I tried a bottle last night after having sat in the bottle for over 2 weeks. It tastes nothing like during bottling. The cherry taste is completely overpowering, and instead of tasting sweet like at bottling, its really really strong and a little sour.

What made the cherry taste change and will it mellow out eventually?
 
how did you add cherry flavor?

with actual cherries or with extract? What else did you use for ingredients?

First thought is if you used real cherries and you did not effectively pasteurize them you have some lactobaccilus (sp?) acid souring going on. Lambic stout?
 
I was following a recipe I got offline.

It said to a pack of thawed frozen cherries to the wort at the last 10 minutes. Then to leave the cherries in the primary with the beer for the first stage, then to just leave them in the primary when I racked to the secondary.

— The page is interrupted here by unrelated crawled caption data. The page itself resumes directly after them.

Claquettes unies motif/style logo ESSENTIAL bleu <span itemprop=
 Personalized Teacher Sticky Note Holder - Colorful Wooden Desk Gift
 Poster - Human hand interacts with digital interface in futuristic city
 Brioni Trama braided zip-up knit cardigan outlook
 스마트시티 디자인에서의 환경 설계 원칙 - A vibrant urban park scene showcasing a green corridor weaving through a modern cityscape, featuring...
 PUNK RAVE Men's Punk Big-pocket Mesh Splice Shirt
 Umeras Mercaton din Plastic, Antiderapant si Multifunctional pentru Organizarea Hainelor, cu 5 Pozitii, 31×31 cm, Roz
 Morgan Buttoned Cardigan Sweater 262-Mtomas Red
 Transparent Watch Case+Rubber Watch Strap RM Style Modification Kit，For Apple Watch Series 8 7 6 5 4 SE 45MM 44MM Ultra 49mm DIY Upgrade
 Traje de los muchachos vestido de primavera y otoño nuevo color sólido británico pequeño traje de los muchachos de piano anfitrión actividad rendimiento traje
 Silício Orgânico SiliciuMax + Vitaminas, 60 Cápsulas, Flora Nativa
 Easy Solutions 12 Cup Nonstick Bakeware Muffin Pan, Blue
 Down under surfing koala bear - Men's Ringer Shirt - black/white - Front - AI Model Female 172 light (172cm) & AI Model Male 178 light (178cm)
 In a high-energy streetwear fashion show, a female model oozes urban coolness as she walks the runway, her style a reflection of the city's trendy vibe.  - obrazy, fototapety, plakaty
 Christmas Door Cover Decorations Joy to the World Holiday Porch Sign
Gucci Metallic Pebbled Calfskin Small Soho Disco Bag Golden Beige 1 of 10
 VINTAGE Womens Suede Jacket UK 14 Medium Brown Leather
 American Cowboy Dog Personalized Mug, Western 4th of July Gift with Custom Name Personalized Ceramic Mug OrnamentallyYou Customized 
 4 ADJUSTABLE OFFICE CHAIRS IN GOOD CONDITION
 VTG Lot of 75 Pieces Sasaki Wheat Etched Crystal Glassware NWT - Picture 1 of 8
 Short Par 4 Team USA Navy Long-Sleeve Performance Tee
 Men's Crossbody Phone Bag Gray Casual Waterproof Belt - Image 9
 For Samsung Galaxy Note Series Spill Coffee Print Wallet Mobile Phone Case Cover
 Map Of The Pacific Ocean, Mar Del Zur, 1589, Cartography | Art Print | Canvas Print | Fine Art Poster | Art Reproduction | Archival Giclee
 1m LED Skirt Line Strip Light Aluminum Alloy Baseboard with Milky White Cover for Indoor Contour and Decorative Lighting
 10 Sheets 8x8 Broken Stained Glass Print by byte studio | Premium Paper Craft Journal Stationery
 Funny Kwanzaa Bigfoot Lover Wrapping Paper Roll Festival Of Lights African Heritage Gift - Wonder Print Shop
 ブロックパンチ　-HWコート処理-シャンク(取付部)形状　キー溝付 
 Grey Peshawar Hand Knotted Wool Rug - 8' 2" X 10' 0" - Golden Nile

So the frozen cherries were thawed, and then put in boiling wort for almost 10 minutes. Then left to sit in the beer for about a week.

The funny thing is that I tasted the beer during bottling and it tasted great. The cherry was just a subtle hint of flavor. But now after "mellowing" in the bottle for almost 3 weeks the taste is sour and overpowering.
 
Rendar said:
I was following a recipe I got offline.

It said to a pack of thawed frozen cherries to the wort at the last 10 minutes. Then to leave the cherries in the primary with the beer for the first stage, then to just leave them in the primary when I racked to the secondary.

So the frozen cherries were thawed, and then put in boiling wort for almost 10 minutes. Then left to sit in the beer for about a week.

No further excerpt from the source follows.